# Activity
Once you find the line with "TIMBER RIDGE Campingstuhl" in the entries below, print it and each line after it up to and including the line with "India News |", exactly, without pictures.

# Input data
──────────────────────────────
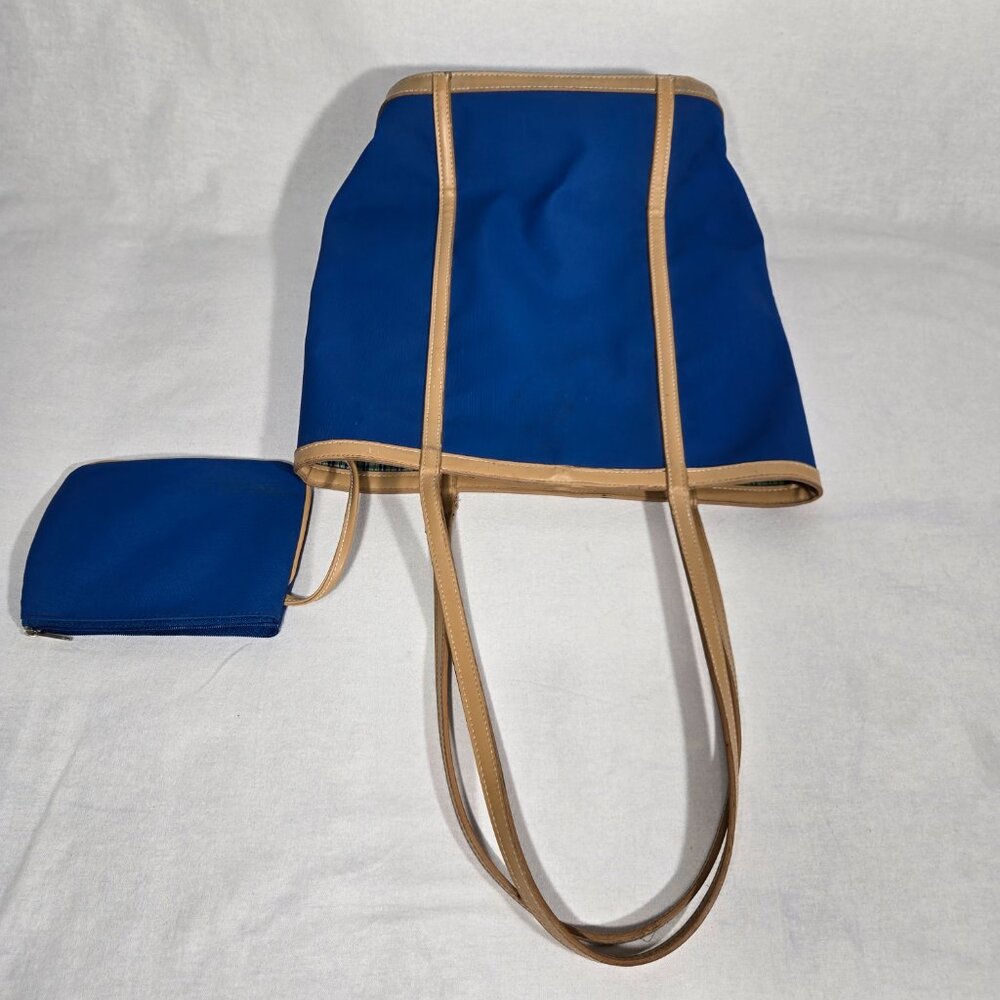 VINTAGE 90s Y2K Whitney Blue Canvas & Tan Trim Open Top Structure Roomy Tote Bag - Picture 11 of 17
──────────────────────────────
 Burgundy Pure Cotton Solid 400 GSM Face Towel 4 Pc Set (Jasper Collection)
──────────────────────────────
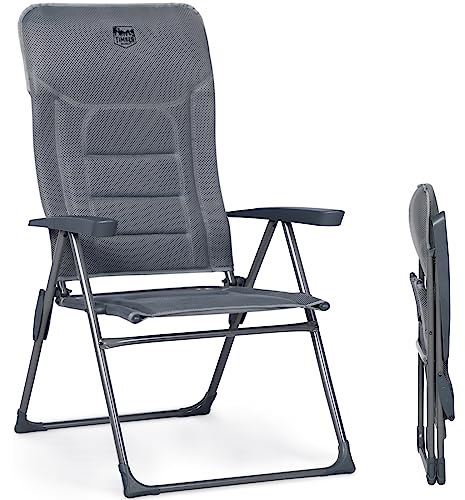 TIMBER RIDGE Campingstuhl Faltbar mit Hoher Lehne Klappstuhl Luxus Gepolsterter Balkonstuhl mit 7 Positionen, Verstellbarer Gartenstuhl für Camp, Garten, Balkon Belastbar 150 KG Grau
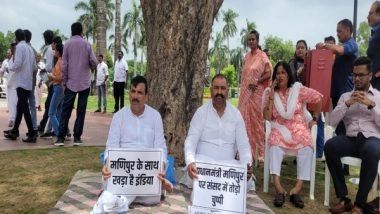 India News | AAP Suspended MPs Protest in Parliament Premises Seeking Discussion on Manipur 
──────────────────────────────
# Response to this exercise
 TIMBER RIDGE Campingstuhl Faltbar mit Hoher Lehne Klappstuhl Luxus Gepolsterter Balkonstuhl mit 7 Positionen, Verstellbarer Gartenstuhl für Camp, Garten, Balkon Belastbar 150 KG Grau
 India News | AAP Suspended MPs Protest in Parliament Premises Seeking Discussion on Manipur 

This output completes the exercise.